--- Exercise directions ---
Find the line with "NTR聊天群 第二季第二章 人工智能汉化版|SLG腐败题材 PC/安卓 下载" in the data below. Repeat it and every line after it exactly, but not the pictures.

(Saved entries)
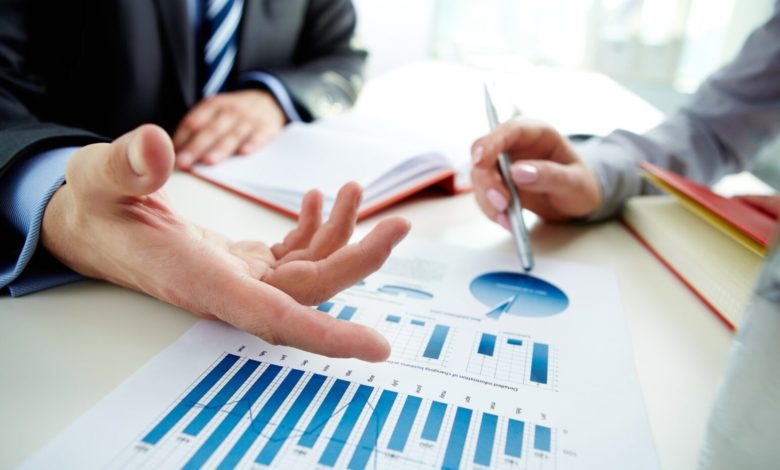Economic Consulting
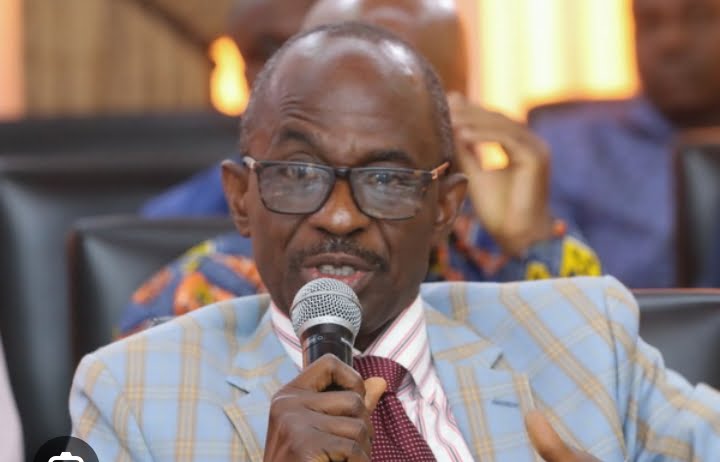 Why This Year - Asiedu Nketia Question NPP Government Over Akosombo Dam Spillage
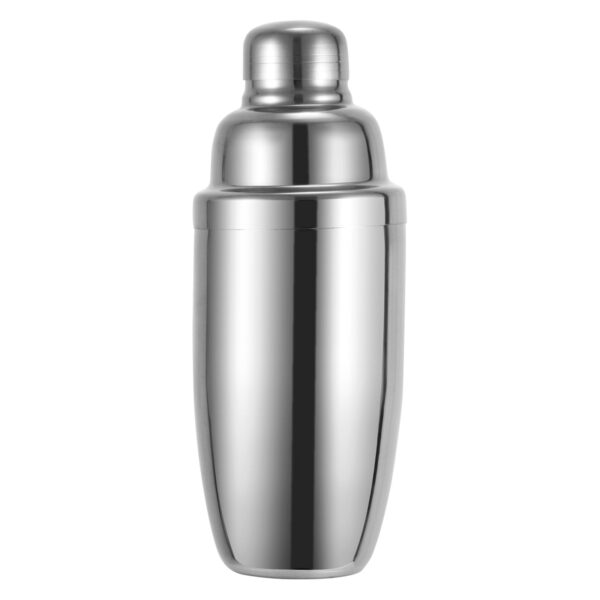 Shaker na mliečne koktaily 2x750ml - Image 3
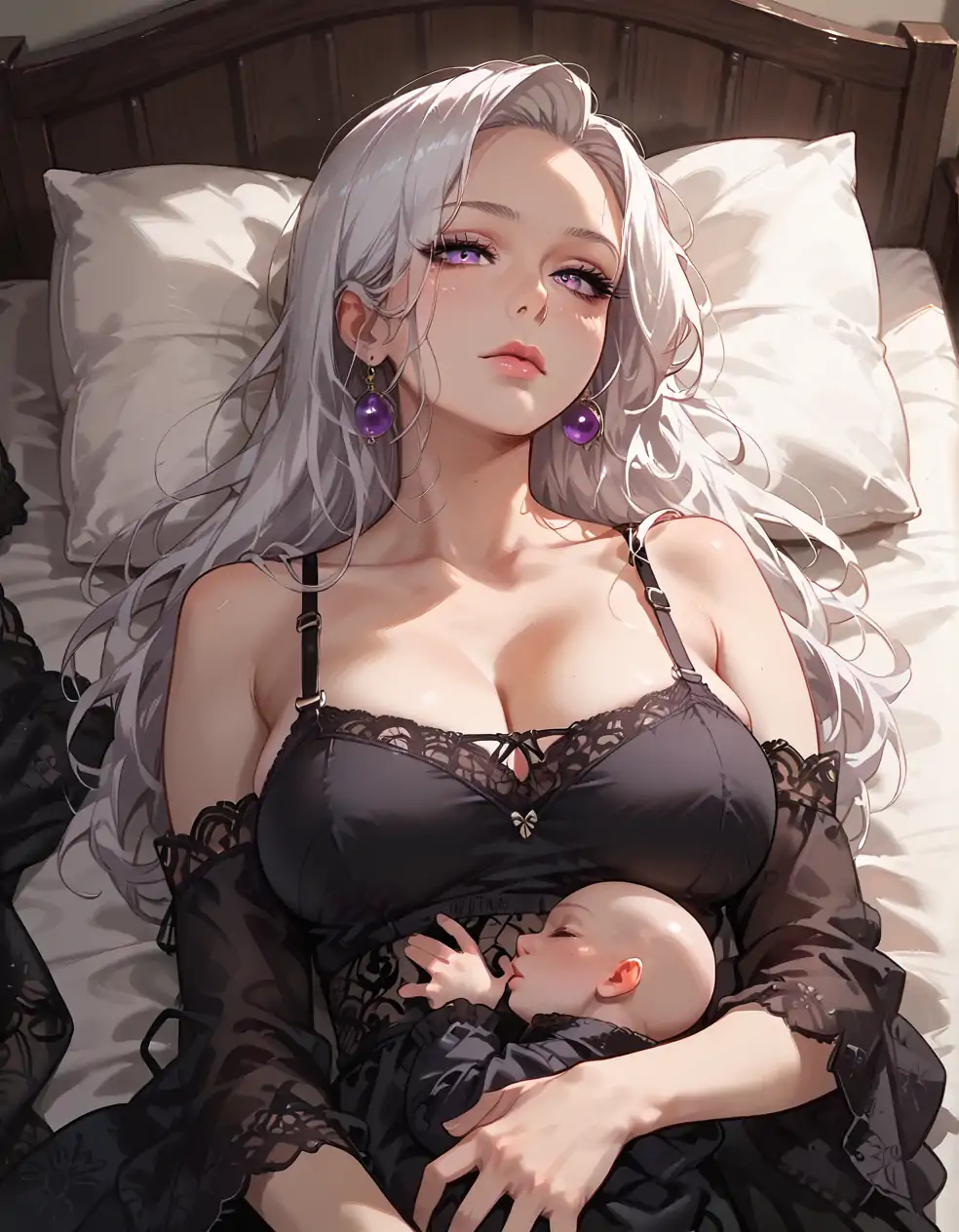 NTR聊天群 第二季第二章 人工智能汉化版|SLG腐败题材 PC/安卓 下载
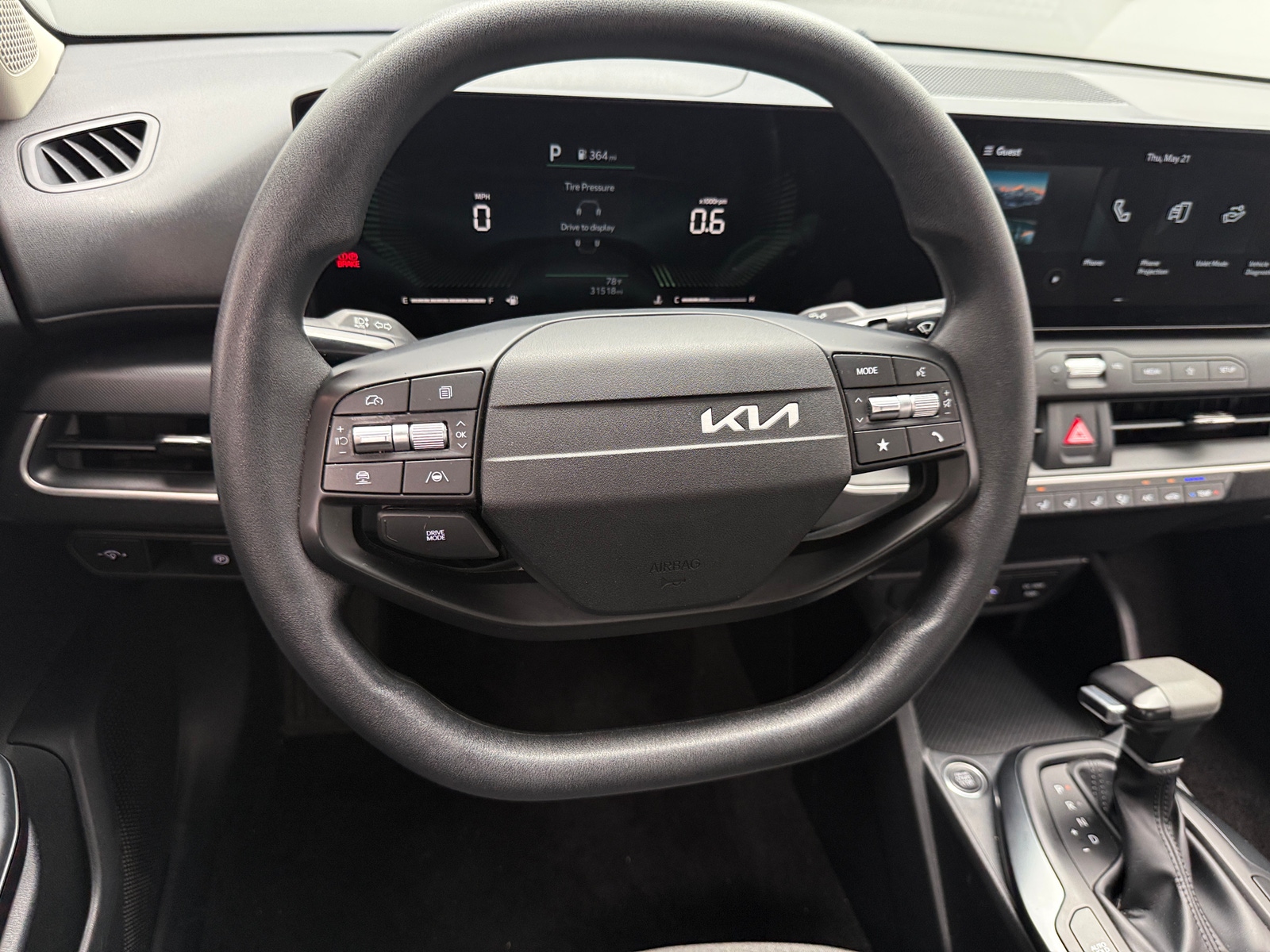 Thumbnail: 2025 Kia K4 - 5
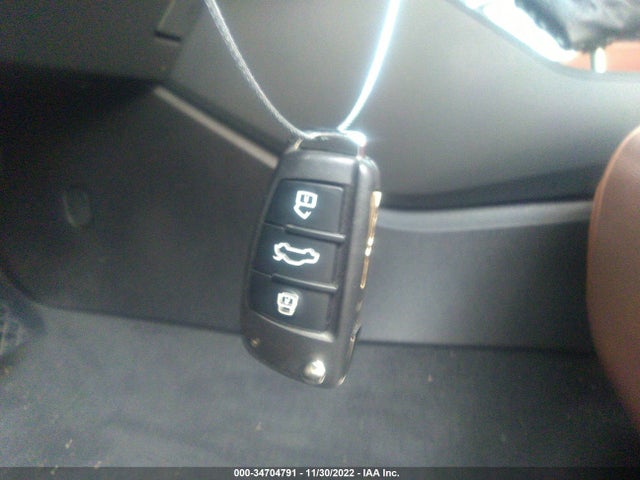 2022 Audi Q3, VIN: WA1DECF35N1024358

--- Result ---
 NTR聊天群 第二季第二章 人工智能汉化版|SLG腐败题材 PC/安卓 下载
 Thumbnail: 2025 Kia K4 - 5
 2022 Audi Q3, VIN: WA1DECF35N1024358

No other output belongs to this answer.